Some major recommendations are highlighted below, and a full range of recommendations, to Saudi government officials and actors in the international community, is presented in Chapter IX.

One of the most tragic aspects of the situation is that many migrants silently accept the exploitation and deprivation of their rights because they view themselves as powerless and without effective remedy. These workers arrive in Saudi Arabia ignorant or only vaguely informed about the rights they have under existing Saudi law and the actions they can take when inequities and mistreatment occur.

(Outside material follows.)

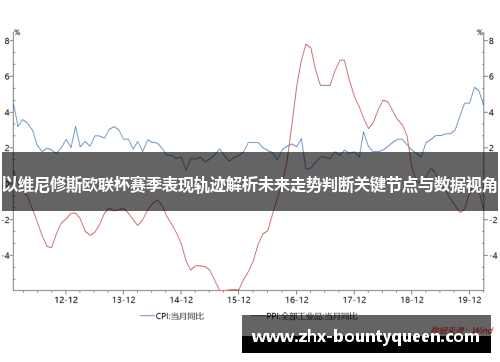 以维尼修斯欧联杯赛季表现轨迹解析未来走势判断关键节点与数据视角 以维尼修斯欧联杯赛季表现轨迹解析未来走势判断关键节点与数据视角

This is a problem that their own governments could address, in part, by way of substantive and effective education before these workers depart for the kingdom. But the government of Saudi Arabia has the primary responsibility to promote and protect the rights of the country’s large migrant worker population in a much more aggressive and public manner, consistent with its obligations under international law. Authorities should provide a clear enumeration of the specific rights that migrant workers are entitled to enjoy under the kingdom’s laws and regulations. They should spell out the specific legal duties of sponsors and employers, provide a comprehensive list of practices that are illegal, and offer detailed instructions about how and where migrant workers can report abuses. This information should be practical, not theoretical. It should draw on specific abuses that migrants are most likely to face, such as those described in this report, and provide authoritative comments and advice. The information should be translated into the languages of the countries of origin of migrant workers, and provided to every worker on his or her arrival in the kingdom as a routine matter of immigration practice. The government should also identify additional means to communicate this information to migrant communities throughout the kingdom as a further demonstration of its commitment to greater protection of their rights.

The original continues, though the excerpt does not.